Instruction for the entries that follow: retype exactly the lines from the line with "FIVE LOVE LANGUAGES Bingo Card" to the line with "brushed tight-fitting breathable", both included, and omit all others.

━━━━━━━━━━━━━━━━

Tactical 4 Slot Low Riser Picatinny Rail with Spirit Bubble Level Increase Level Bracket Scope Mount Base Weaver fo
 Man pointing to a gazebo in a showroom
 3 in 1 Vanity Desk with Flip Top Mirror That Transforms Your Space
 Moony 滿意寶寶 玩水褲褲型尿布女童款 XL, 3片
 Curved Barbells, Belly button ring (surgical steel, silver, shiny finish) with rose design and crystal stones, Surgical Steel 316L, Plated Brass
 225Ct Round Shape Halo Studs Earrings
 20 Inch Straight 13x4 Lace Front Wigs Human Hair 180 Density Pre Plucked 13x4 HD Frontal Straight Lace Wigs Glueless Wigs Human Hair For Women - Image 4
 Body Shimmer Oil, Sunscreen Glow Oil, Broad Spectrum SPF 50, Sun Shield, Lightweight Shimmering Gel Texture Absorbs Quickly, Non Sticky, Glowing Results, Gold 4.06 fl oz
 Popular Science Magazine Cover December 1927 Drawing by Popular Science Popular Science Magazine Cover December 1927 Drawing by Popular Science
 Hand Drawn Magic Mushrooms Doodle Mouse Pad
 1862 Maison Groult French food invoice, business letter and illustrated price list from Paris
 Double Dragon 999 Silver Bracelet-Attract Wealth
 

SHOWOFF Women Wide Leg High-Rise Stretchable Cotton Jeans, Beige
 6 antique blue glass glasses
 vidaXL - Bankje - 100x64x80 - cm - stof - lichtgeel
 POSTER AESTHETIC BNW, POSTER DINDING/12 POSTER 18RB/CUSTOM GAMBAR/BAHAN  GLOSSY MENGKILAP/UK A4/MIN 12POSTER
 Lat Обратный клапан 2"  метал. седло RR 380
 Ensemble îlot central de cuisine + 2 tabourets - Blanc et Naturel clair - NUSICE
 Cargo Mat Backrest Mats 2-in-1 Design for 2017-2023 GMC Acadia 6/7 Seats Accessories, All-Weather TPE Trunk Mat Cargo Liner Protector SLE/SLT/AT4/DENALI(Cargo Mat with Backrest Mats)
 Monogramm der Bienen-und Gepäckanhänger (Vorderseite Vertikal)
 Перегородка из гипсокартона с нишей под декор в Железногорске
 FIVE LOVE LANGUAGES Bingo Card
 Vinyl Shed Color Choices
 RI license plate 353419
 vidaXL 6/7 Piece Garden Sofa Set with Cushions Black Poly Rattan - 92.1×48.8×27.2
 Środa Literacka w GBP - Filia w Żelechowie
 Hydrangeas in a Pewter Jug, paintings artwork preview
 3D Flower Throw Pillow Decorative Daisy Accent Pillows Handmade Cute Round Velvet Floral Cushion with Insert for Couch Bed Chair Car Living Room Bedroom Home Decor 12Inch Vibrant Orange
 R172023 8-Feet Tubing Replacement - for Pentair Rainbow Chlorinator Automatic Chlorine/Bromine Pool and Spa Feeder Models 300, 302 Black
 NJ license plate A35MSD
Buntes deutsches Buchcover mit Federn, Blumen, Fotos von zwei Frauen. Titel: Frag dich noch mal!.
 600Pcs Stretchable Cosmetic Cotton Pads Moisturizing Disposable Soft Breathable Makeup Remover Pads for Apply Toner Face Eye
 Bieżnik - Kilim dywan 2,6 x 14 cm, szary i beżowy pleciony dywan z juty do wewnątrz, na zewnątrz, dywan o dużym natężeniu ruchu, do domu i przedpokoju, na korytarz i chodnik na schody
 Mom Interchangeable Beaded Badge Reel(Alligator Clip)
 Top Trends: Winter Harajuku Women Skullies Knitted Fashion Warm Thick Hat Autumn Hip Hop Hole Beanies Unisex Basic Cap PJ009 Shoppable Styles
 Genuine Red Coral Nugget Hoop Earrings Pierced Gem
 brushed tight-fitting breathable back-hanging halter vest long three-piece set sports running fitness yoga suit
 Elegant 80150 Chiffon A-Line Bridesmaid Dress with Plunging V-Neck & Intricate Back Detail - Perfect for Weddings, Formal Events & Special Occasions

━━━━━━━━━━━━━━━━

**Exercise solution:**
 FIVE LOVE LANGUAGES Bingo Card
 Vinyl Shed Color Choices
 RI license plate 353419
 vidaXL 6/7 Piece Garden Sofa Set with Cushions Black Poly Rattan - 92.1×48.8×27.2
 Środa Literacka w GBP - Filia w Żelechowie
 Hydrangeas in a Pewter Jug, paintings artwork preview
 3D Flower Throw Pillow Decorative Daisy Accent Pillows Handmade Cute Round Velvet Floral Cushion with Insert for Couch Bed Chair Car Living Room Bedroom Home Decor 12Inch Vibrant Orange
 R172023 8-Feet Tubing Replacement - for Pentair Rainbow Chlorinator Automatic Chlorine/Bromine Pool and Spa Feeder Models 300, 302 Black
 NJ license plate A35MSD
Buntes deutsches Buchcover mit Federn, Blumen, Fotos von zwei Frauen. Titel: Frag dich noch mal!.
 600Pcs Stretchable Cosmetic Cotton Pads Moisturizing Disposable Soft Breathable Makeup Remover Pads for Apply Toner Face Eye
 Bieżnik - Kilim dywan 2,6 x 14 cm, szary i beżowy pleciony dywan z juty do wewnątrz, na zewnątrz, dywan o dużym natężeniu ruchu, do domu i przedpokoju, na korytarz i chodnik na schody
 Mom Interchangeable Beaded Badge Reel(Alligator Clip)
 Top Trends: Winter Harajuku Women Skullies Knitted Fashion Warm Thick Hat Autumn Hip Hop Hole Beanies Unisex Basic Cap PJ009 Shoppable Styles
 Genuine Red Coral Nugget Hoop Earrings Pierced Gem
 brushed tight-fitting breathable back-hanging halter vest long three-piece set sports running fitness yoga suit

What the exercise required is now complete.